14.9. stepsblender

The stepsblender package allows to visualize data recorded in HDF5 files.

14.9.1. stepsblender.load

Visualize STEPS simulations with Blender.

usage: python3 -m stepsblender.load [HDFPath] [-h] [--server server_address] ...

14.9.1.1. Positional Arguments

HDFPath: Path prefix to a STEPS HDF5 file or, if the –server option is used, this should not be provided

14.9.1.2. Named Arguments

--serverpython

Python binary used to launch the data loading server

Default: 'python3'

--blenderPath

Path to the blender executable

Default: 'blender'

--blenderArgs

Path to the blender file that should be used and / or other blender arguments in double quotes

--LinkSpecies.sampleLinkSpecies.links.obj.cast_shadows

Whether the object casts shadows.

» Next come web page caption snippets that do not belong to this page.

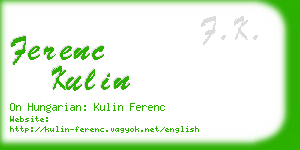 ferenc kulin business card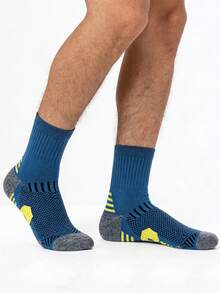 1双男士压缩运动袜，加厚毛巾底，透气吸汗，跑步训练袜，黑色，尺码39-44 - 彩色 - 查看 9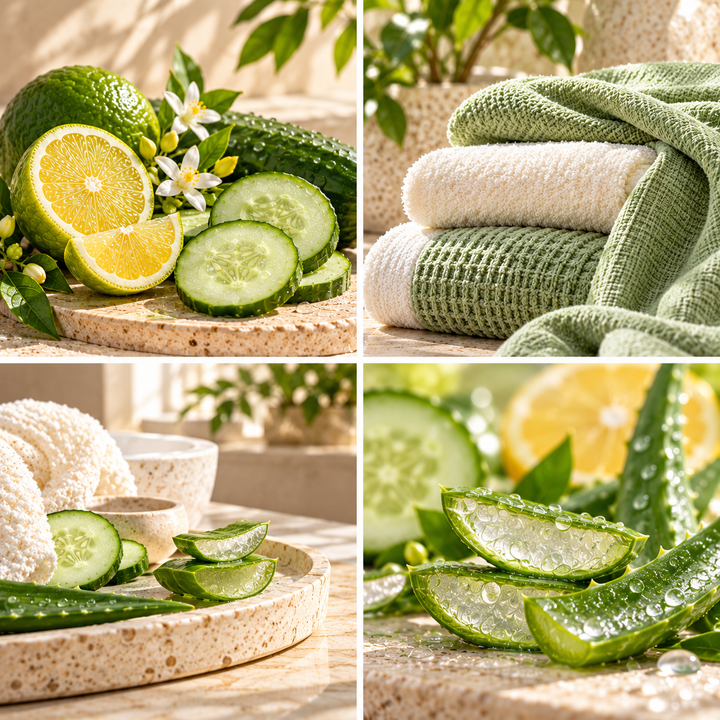 Aloe Vera &amp; Cucumber wax melt mood board with aloe vera, cucumber, pale green towels and fresh citrus.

Possible values: [“ON”, “OFF”] (only for Blender >= 4.2)

--LinkSpecies.sampleLinkSpecies.links.obj.material.alpha

Alpha transparency level

--LinkSpecies.sampleLinkSpecies.links.obj.material.color

An RGBA tuple that should be supplied with quotes e.g. “(0.1, 0.5, 0.1, 1)”

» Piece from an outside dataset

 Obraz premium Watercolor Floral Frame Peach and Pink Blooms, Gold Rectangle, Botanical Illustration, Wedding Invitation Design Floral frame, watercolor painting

--LinkSpecies.sampleLinkSpecies.links.obj.material.emission

Emission strength

--LinkSpecies.sampleLinkSpecies.links.obj.mesh.bevel_depth

Width of the link, defaults to 0.8 times the species radius

--LinkSpecies.sampleLinkSpecies.specs.obj.cast_shadows

Whether the object casts shadows. Possible values: [“ON”, “OFF”] (only for Blender >= 4.2)

--LinkSpecies.sampleLinkSpecies.specs.obj.material.alpha

Alpha transparency level

--LinkSpecies.sampleLinkSpecies.specs.obj.material.color

An RGBA tuple that should be supplied with quotes e.g. “(0.1, 0.5, 0.1, 1)”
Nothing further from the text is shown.